Captioned web image data:
■ ■ ■ ■ ■ ■ ■
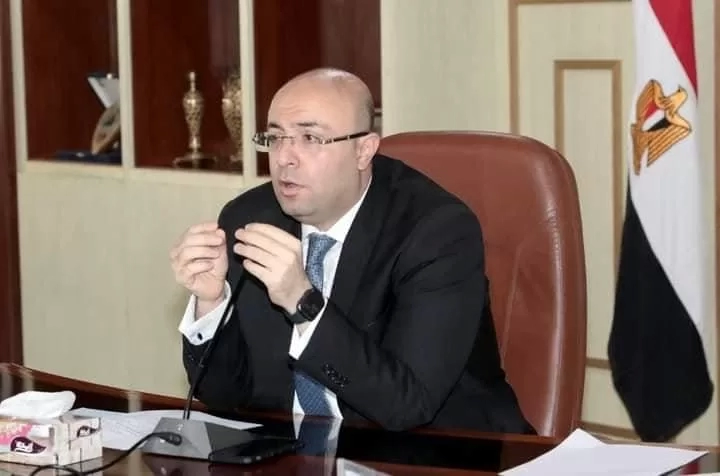 محافظ بني سويف يناقش خطة الأبنية التعليمية لإضافة 212 فصلاً بتكلفة 265 مليون جنيه 17 - جريدة المساء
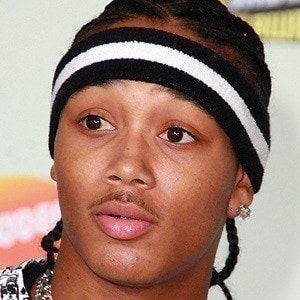 Romeo Miller Headshot 4 of 7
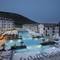 Отель Ramada Resort Akbuk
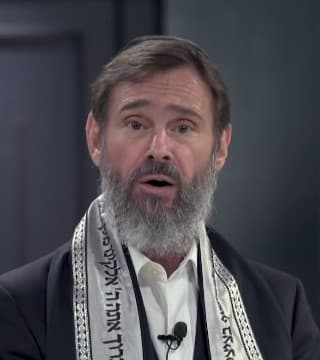 Rabbi Schneider - What Does the Lord Require From You?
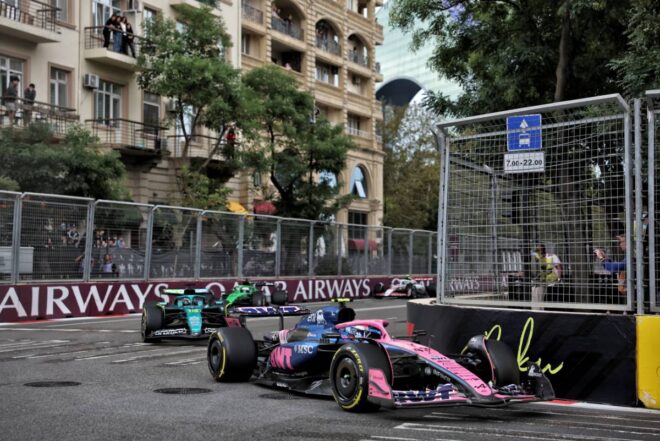 フランコ・コラピント（アルピーヌ）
■ ■ ■ ■ ■ ■ ■
Problem
Set down every line above exactly, pictures excluded.

Response for this exercise
 محافظ بني سويف يناقش خطة الأبنية التعليمية لإضافة 212 فصلاً بتكلفة 265 مليون جنيه 17 - جريدة المساء
 Romeo Miller Headshot 4 of 7
 Отель Ramada Resort Akbuk
 Rabbi Schneider - What Does the Lord Require From You?
 フランコ・コラピント（アルピーヌ）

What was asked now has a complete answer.